Ready for round two?

The global financial system, which has never properly recovered from the recession, is poised on the brink of a second crash.

The immediate trigger seems to be the fiasco in America over raising the debt ceiling. The whole process revealed the growing power (and lunacy) of the Tea Party faction within the Republican Party, and the corresponding weakness of Obama and the Democrats. I like this summary by Paul Thomas in The Herald:

So it’s come to this. America, the land of laissez-faire capitalism, the bastion of thrift and self-reliance, the spiritual home of the Protestant work ethic, being lectured on fiscal responsibility by the Chinese Communist Party and the former KGB apparatchik who seems to run Russia.

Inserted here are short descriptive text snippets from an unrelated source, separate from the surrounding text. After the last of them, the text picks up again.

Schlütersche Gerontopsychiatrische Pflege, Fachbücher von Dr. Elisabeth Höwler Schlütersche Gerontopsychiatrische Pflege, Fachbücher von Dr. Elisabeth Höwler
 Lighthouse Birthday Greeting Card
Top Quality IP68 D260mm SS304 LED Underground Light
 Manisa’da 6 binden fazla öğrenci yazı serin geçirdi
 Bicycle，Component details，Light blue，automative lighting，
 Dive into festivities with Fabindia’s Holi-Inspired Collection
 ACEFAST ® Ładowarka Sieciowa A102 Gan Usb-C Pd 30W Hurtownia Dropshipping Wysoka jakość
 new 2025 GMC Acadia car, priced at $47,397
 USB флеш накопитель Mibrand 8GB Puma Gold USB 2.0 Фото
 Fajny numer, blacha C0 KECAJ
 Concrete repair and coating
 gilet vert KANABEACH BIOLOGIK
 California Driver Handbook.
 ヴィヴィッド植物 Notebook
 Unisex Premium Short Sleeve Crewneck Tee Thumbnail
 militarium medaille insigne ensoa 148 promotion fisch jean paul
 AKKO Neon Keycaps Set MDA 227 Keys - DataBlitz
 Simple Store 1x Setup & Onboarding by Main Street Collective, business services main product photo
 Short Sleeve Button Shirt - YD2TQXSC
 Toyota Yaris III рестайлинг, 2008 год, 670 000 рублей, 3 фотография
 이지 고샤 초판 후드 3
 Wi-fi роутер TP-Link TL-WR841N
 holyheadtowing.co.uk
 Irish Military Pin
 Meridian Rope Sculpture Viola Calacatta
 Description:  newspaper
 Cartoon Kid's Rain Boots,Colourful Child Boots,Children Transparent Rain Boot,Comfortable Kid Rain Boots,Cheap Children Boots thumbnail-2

As the debt drama went down to the wire, Vladimir Putin took time out from crushing frying pans with his bare hands to describe America as “a parasite on the world economy”, and China’s state news agency Xinhua demanded that Washington defuse its “debt bomb”.

Nor were they impressed by the way politicians went about ensuring that the US didn’t default, complaining of “madcap brinkmanship” and “dangerous irresponsibility”. … America got what it voted for in last year’s mid-term elections.

Short term America is probably heading back into recession.  Medium term America is now obviously in decline, and instability lies ahead.

The other underlying cause is the sovereign debt crisis.  Although the immediate flash point in Greece has been temporarily papered over with another emergency bailout, it is obvious to all that the underlying problems remain.  And Greece is just one small part  of a much wider crisis

Growing divisions on how to manage crisis in Europe

A BLOODBATH on stock exchanges has forced European Commission president Jose Manuel Barroso to admit the sovereign debt crisis was spreading to Spain and Italy and to call for an urgent review of the EU’s failing bailout systems.

But his call exposed continuing divisions among European leaders on how to manage the dramatically intensifying crisis, with both Germany and the Netherlands snubbing Mr Barroso’s request. …

I’m frankly surprised that it has taken this long, but the inevitable stock market fall has begun.  The piece above continues:

Alarmed by the prospect of an American recession and by the failure of European authorities to deal with the woes of the euro, investors rushed to sell. In Britain, the FTSE 100 index fell 3.43 per cent to its lowest level in almost a year in the fifth straight day of heavy selling.

The French stock market fell 3.9 per cent in Paris and the German index 3.4 per cent in Frankfurt. Italy suffered the steepest collapse, with its stockmarket down more than 5 per cent in Milan.

The new crash is all over the news:

Crisis mounts as world markets dive

Stock markets around the world have plunged again as fears persisted that the global economy could slip back into recession. The FTSE 100 Index has seen 9.8%, or £147.9 billion, sliced off its value in the past week – its worst performance since October 2008 when Lehman Brothers collapsed and the credit crunch began in earnest.

Markets across the world are in meltdown as traders panic that America will lead the global economy back into recession and the eurozone will be crushed under the weight of its debts.

And there are fears that the crisis could escalate further unless Governments are able to convince financial markets that they are able to pay off their loans.

Emergency meetings are under way:

FTSE slumps to worst week since 2008 despite US employment data rally

Emergency meeting of G7 ministers called after biggest share slump since 2008 banking crisis

Britain’s stock market suffered another major selloff yesterday, ending its worst week since the collapse of Lehman Brothers in 2008 with almost £150bn wiped off the value of the country’s top 100 companies.

After a calamitous five days for stock markets on both sides of the Atlantic, the FTSE 100 closed 146 points lower at 5247 to record its third day of triple digit declines – a trading pattern last witnessed in the immediate aftermath of Lehman’s bankruptcy in September 2008.

The first impact on NZ seems to be that the dollar has tumbled from its heights (which is not actually all bad news for the economy).  But if the world economy continues its spiral into a second recession then our own faltering recovery will be washed away in the flood.  We continue to live in interesting times.